Representative Stephen Cohen guest posts on the Bilerico Project. Rep. Cohen is in a bitter race against EMILY's List endorsed candidate Nikki Tinker.
Memphis is not the city that springs to mind when one thinks of gay rights. Blues, maybe, but gay rights are enshrined in places like Christopher Street and San Francisco. Memphis conjures up Martin Luther King Jr., striking sanitation workers, Elvis, Jim Crow, and blues. In my decades of crusading for civil rights, I never intended to join the front lines of the LGBT movement. I never meant to pick that fight.
The weight of Memphis' history made fighting for racial equality a natural road to take, one that I have traveled over the years with pride. That road has led me many places, some familiar, some not so, but foremost it has led me to understand that basic human freedoms, those things taken for granted by most Americans, cannot be afforded only to a specific class of person.

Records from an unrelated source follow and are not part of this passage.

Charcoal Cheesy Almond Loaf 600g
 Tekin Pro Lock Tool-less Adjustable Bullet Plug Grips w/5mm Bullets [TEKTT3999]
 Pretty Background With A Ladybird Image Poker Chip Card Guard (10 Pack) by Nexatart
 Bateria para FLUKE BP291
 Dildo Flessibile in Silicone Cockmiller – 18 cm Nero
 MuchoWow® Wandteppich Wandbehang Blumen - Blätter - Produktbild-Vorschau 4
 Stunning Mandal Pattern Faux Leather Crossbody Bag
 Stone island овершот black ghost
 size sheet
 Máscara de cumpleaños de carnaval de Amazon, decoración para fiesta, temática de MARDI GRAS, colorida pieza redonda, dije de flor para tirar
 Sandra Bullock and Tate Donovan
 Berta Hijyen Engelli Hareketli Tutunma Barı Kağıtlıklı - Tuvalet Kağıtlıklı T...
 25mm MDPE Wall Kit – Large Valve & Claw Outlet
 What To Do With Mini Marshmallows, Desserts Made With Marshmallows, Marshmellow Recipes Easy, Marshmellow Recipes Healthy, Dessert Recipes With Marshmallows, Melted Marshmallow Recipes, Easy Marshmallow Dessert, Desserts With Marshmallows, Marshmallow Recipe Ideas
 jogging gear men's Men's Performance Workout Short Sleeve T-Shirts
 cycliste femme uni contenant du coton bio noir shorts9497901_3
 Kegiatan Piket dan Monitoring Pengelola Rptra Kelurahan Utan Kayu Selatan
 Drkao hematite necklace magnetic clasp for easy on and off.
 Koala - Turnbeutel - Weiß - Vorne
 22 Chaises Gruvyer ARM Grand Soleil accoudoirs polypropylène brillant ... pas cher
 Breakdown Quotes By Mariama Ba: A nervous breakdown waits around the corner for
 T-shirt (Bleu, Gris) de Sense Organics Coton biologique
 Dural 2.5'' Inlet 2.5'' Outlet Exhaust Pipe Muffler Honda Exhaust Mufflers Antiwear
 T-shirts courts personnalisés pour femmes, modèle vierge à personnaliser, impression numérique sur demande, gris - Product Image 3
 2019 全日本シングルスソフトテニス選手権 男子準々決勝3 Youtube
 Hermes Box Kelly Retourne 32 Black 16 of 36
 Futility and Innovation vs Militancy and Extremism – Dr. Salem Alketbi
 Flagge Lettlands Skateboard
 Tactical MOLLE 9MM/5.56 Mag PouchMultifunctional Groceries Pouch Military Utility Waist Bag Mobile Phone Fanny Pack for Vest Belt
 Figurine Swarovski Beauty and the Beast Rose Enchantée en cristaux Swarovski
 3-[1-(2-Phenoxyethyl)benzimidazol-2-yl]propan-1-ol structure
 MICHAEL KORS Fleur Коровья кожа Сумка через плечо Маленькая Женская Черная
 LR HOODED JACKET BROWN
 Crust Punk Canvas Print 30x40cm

I have always believed that a right recognized by a people must be extended to all people. No one can be a second-class citizen, or we are all bound to be such by living in a second-class society. America is not, nor do I believe that it will ever be, such a society, and as such it is imperative and inevitable that we will recognize the fundamental truth that all people are entitled to the same basic freedoms. To do less would be to chart for these United States, a course toward being something completely different than the entire weight of our history has destined for us.
American history is a study in the expansion of human freedoms. What began as equality for white, male landowners has over these centuries blossomed into a guarantee of civil rights for the poor, for women, for all races, creeds, and colors. It is the natural progression of this great expansion of freedom that equal rights now, without any further delay, are extended to the LGBT community.
During my tenure in the Tennessee state legislature I believed this so firmly that I led the fight where no one else would. Those years were lonely, but we won some victories. The placement of the words "sexual orientation" alongside "race" and "gender" into several major anti-discrimination statutes in Tennessee are the legacy of those long, lonely years as a voice in the wilderness. Now that my willingness to stand on principle rather than poll numbers has led me to Congress, I find myself much less lonely but no less driven to fight for change.
I have fought for ENDA and for the Hate Crimes Bill. I got state funds for a sensible HIV/AIDS policy in Tennessee, and I have continued that fight in Congress. The fact that these issues are not yet resolved saddens me, but it gives me a purpose. This American experiment is not yet complete. There are those who are still excluded from full participation in society. There are still poor. There are still marginalized people. There is still a fight that needs champions.
As a member of the House Judiciary Committee championing civil liberties legislation is part of my purview. Judiciary has never been a popular committee for freshman legislators. It provides few if any opportunities to bring money or jobs home to the district. Victories won on it may translate into justice, but justice doesn't win elections as readily as federal grant money and government contracts. However, from my first day running for Congress I aspired to serve on Judiciary. My reason was simple. Federal dollars may make people vote for me in the next election, but the next election is hardly my primary concern. The next generation is of significantly more import.
My vision for that generation is one of fully recognized freedoms for all individuals living in a nation where government helps those less fortunate to be a part of our great society. My vision is of one People, one Nation, one America. "E Pluribus Unum" is not merely some trademark stamped on the Great Seal as part of some American branding scheme. It is a vision of our world. It is a call to unity. It is, in and of itself, a sacred purpose.
As a society we do not gain the right to call ourselves unified or just if we are not. Just being American does prove us great and good. It is those things that Americans have done that has made America so, and America will continue to be great, to be good by continuing to expand civil liberties for all, by embracing all walks of life into one society, into one America.